Avoiding `.contiguous` call before `matmul` #1965

EricLBuehler · 2024-03-29T20:49:07Z

During my work with Candle I have noticed that matmul seems to only accept contiguous tensors. That is, after calling .reshape, matmul will fail because it is not contiguous in the right dimensions. The logical fix (#1948) seems to be to call .contiguous and this is implemented in the provided models.

It is likely that supporting non-contiguous tensors cause a good performance increase (#1939), as not copying as many tensors around unnecessarily is always better. After reading the dfdx code, it seems like they are able to handle non-contiguous tensors.

Is there a way to implement this technique in Candle? Thanks!

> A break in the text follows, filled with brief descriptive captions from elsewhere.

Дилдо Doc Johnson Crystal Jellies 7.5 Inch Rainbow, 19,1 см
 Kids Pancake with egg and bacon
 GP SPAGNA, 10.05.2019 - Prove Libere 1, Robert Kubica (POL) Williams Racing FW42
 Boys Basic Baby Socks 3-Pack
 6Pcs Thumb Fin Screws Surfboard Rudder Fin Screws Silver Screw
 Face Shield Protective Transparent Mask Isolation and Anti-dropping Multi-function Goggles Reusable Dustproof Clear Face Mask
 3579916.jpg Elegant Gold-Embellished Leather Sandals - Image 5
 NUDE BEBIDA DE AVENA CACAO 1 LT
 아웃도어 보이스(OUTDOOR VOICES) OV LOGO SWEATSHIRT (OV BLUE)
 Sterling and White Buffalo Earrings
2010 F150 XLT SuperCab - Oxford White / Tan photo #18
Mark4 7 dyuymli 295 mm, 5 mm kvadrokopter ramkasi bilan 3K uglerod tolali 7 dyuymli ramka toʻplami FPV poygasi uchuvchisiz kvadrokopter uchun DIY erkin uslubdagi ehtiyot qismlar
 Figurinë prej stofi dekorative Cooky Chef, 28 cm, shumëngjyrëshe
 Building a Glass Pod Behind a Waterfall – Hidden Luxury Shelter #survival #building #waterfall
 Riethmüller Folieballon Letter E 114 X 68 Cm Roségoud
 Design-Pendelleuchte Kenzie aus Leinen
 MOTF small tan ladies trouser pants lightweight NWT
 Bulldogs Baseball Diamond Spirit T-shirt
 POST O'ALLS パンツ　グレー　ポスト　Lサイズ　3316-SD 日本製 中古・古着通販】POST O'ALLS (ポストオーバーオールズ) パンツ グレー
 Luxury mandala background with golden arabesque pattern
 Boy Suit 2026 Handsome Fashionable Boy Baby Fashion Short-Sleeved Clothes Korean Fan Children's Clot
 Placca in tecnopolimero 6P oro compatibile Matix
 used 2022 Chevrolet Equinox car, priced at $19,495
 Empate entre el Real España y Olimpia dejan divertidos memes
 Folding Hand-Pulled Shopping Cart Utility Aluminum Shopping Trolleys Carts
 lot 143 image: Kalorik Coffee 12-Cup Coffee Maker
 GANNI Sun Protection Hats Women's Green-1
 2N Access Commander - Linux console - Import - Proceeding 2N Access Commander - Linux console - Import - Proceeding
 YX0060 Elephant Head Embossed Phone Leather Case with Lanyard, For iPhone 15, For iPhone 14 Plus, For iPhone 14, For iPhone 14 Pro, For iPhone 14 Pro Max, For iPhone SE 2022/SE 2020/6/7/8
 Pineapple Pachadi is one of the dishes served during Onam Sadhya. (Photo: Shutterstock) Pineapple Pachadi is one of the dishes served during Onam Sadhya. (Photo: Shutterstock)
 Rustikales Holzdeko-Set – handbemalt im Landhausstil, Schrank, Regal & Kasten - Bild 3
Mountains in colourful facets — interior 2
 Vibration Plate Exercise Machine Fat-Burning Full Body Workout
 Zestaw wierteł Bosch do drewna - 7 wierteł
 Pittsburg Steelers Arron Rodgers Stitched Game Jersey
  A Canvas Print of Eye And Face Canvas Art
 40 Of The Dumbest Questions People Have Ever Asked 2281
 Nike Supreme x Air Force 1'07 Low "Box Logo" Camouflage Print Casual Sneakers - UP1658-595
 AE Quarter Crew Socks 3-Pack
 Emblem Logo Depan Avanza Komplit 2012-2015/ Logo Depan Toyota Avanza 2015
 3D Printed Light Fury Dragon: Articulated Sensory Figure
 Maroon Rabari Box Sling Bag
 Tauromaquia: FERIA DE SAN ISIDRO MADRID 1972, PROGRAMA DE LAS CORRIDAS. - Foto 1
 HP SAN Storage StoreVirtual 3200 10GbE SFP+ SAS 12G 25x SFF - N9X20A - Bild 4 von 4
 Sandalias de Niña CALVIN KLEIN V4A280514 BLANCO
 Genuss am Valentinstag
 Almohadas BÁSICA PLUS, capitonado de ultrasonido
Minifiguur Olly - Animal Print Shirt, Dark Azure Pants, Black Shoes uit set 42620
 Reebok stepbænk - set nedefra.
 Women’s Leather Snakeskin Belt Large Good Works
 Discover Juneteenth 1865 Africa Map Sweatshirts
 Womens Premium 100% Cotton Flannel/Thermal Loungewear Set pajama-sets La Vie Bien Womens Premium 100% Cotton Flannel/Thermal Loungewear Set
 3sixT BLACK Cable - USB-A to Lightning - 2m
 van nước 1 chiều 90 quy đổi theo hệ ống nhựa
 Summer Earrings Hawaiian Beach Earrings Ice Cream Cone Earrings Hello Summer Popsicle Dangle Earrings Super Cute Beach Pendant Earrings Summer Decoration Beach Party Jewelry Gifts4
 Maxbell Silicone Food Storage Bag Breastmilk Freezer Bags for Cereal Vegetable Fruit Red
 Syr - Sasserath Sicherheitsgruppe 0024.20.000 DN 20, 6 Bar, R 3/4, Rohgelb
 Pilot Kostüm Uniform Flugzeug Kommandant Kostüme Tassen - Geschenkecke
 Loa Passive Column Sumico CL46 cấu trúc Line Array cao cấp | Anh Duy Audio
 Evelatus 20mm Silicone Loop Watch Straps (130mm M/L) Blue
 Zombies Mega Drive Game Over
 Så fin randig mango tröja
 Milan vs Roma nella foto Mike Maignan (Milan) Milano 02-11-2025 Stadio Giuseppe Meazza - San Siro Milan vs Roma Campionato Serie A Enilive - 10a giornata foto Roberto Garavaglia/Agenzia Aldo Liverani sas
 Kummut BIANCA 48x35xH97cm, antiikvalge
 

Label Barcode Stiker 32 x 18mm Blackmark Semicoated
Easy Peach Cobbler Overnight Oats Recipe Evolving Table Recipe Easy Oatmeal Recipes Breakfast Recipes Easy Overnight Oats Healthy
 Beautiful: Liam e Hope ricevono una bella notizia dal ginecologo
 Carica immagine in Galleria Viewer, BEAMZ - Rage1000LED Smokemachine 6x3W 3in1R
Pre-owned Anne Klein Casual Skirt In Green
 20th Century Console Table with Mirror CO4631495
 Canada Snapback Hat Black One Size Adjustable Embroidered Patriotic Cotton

The text was updated successfully, but these errors were encountered:

LaurentMazare · 2024-03-29T21:53:15Z

Matmuls are actually also supported for transposed layouts on top of contiguous ones, so we enforce contiguous or transposed contiguous as these are supported on all devices + mkl & accelerate and likely to be the fastest. Supporting arbitrary strides is dodgy, e.g. on mkl hence the limitation at the moment.

EricLBuehler · 2024-03-29T21:58:25Z

I plan on writing this for CUDA, would that work? Do you know of any good resources or places where I can find a sample implementation?

LaurentMazare · 2024-03-29T22:11:24Z

I'm not sure it would, we use cublas for the matmul (actually this function) and it doesn't let you work with arbitrary strides except for the batch dimensions, you can just specify transpose and not transpose which is what we're doing.
The recent lazy reshape work should make the situation a bit better though and avoid some unecessary copies (and there is one more change to come on this front that will add some fast copy mode in some specific case).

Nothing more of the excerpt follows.